§ ACTIVITY:
For this exercise, reproduce only the lines from the one holding "Rubber Grips Mood" through the final line of the data below, exactly, and omit pictures.

Pictures with short captions
◆ ◆ ◆

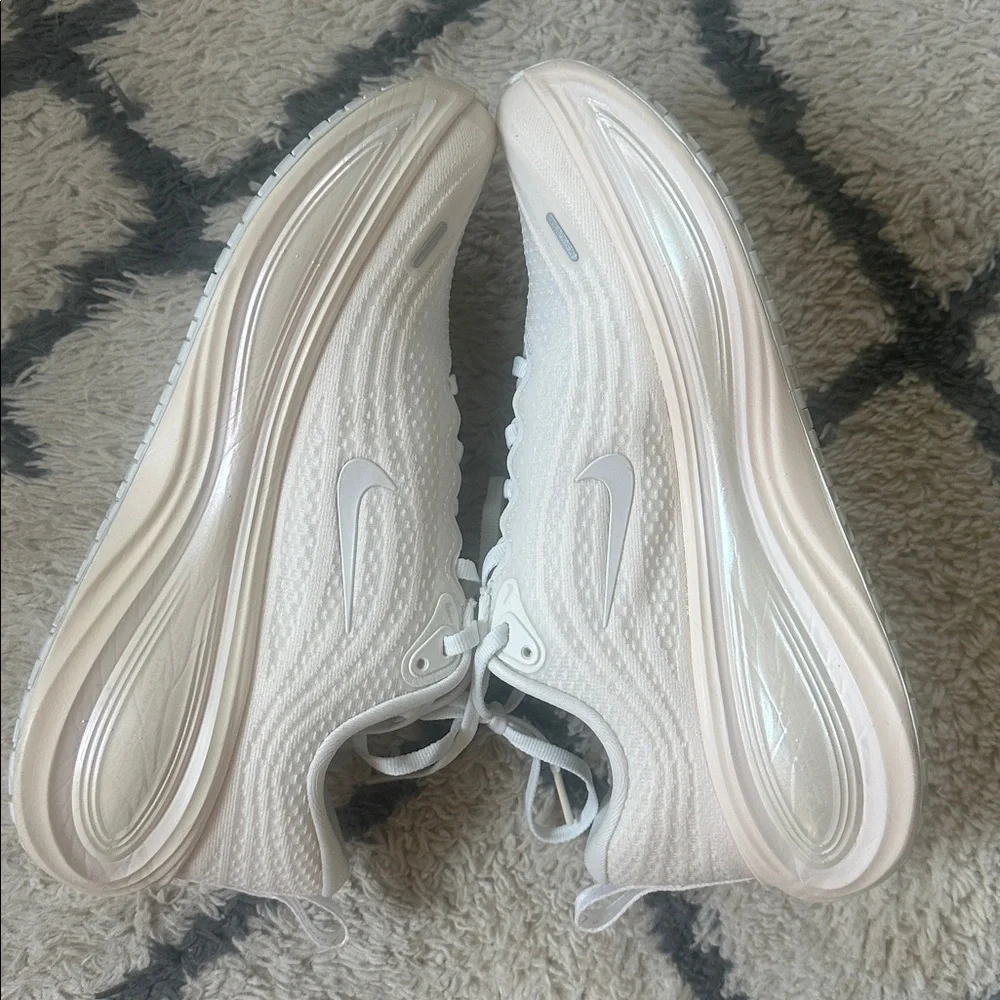 Nike Vomero Plus road running shoes.  Sz 8.5. Summit White/Chalk/Platium - Picture 4 of 8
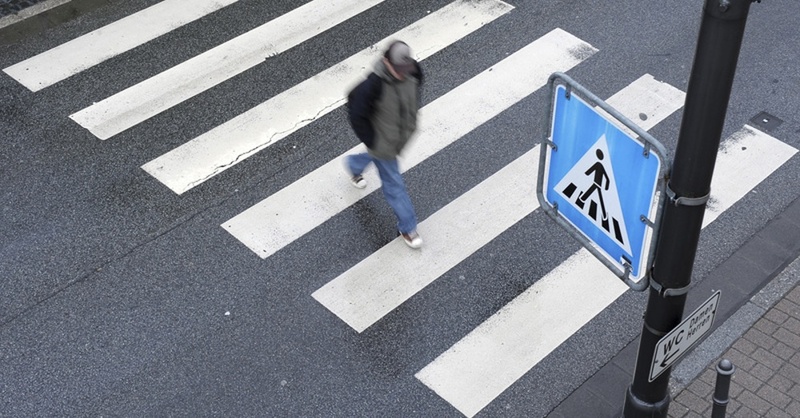 Zebrastreifen, Fußgänger, Überweg, © Ronald Witteck - dpa (Symbolbild)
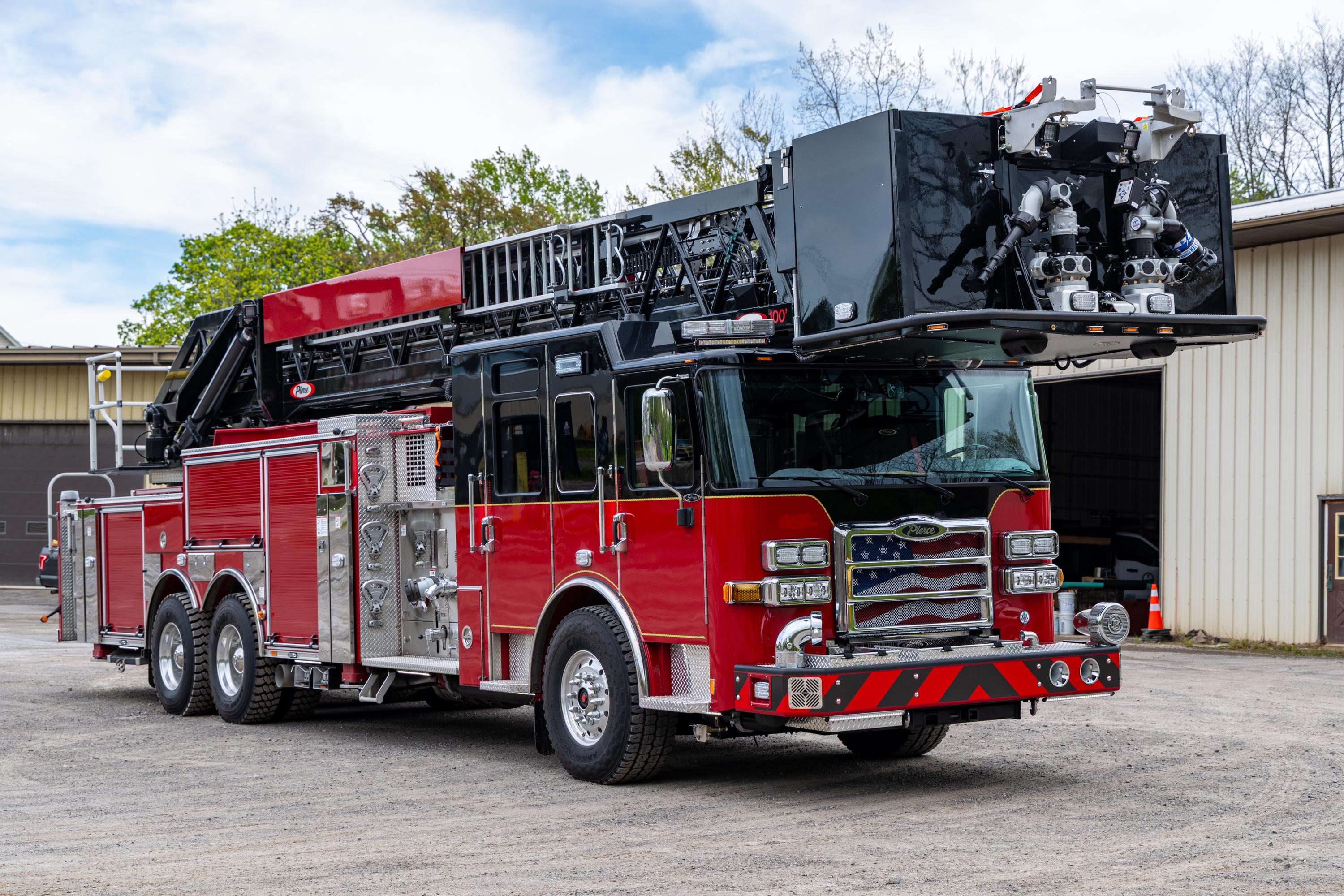 2025 Pierce Enforcer 100' Quint - image 2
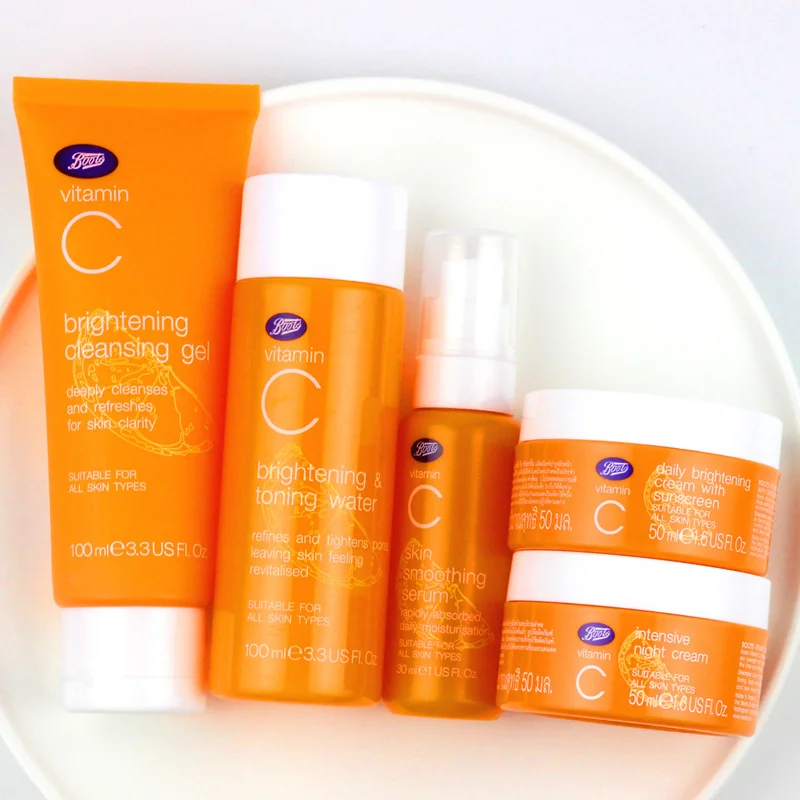 

Vitamin C Facial Cleanser Anti Aging Skin Brightening Set 5 pieces 4 steps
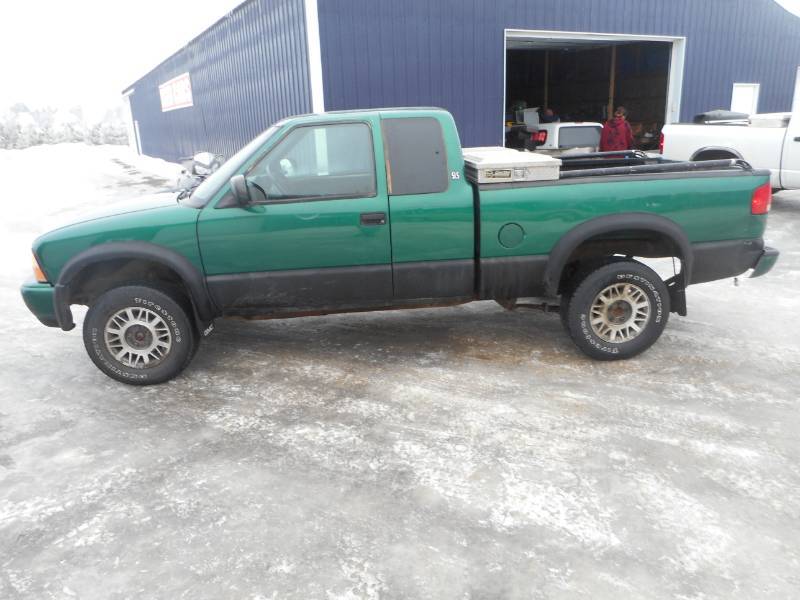 2000 GMC Sonoma 4x4 Truck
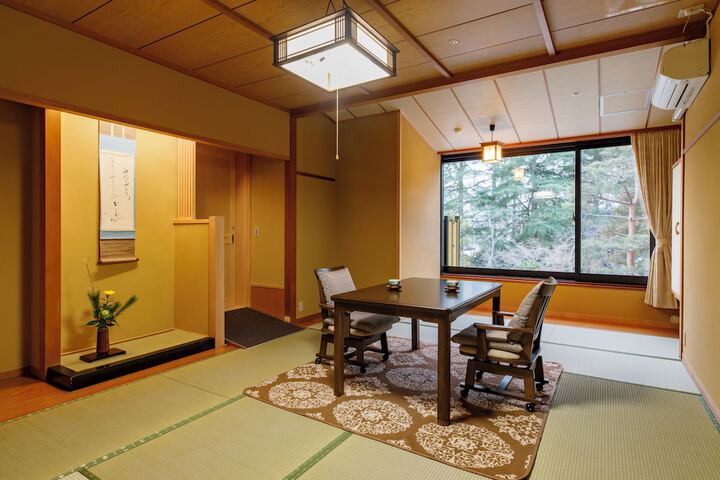 Room 8 of 47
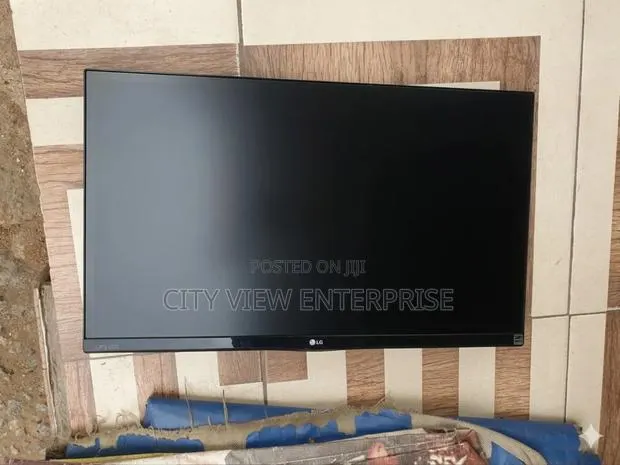 Lg 22 Edgless Monitor · Photo 1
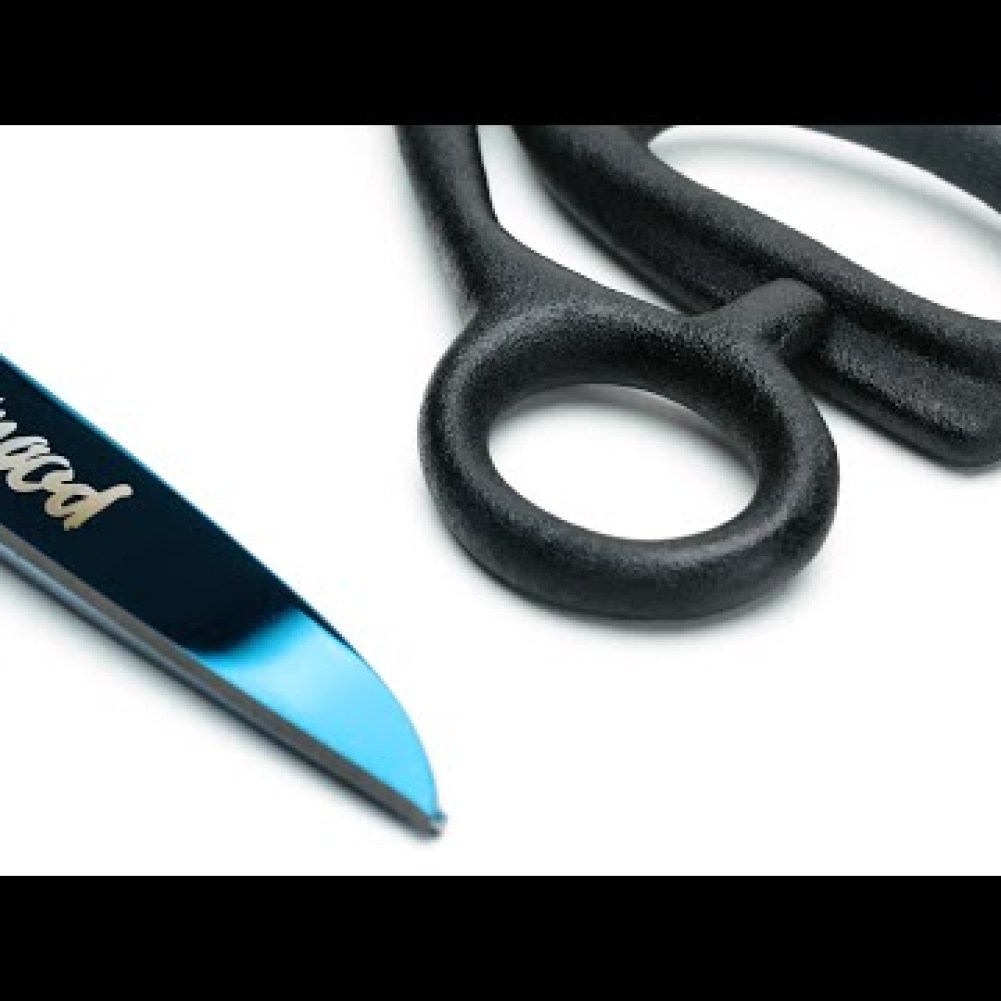 Mood 9″ Metallic Blue Knife-Edge Dressmaker’s Shears with Matte Rubber Grips Mood 9″ Metallic Blue Knife-Edge Dressmaker’s Shears with Matte Rubber Grips
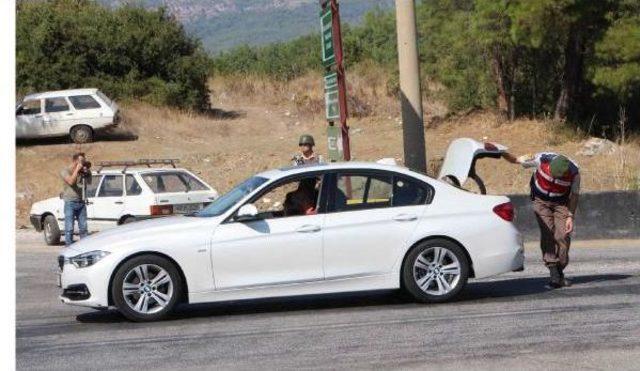 Köyceğiz'de Polis Ve Jandarma Kuş Uçurtmuyor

◆ ◆ ◆

§ EXERCISE OUTPUT:
 Mood 9″ Metallic Blue Knife-Edge Dressmaker’s Shears with Matte Rubber Grips Mood 9″ Metallic Blue Knife-Edge Dressmaker’s Shears with Matte Rubber Grips
 Köyceğiz'de Polis Ve Jandarma Kuş Uçurtmuyor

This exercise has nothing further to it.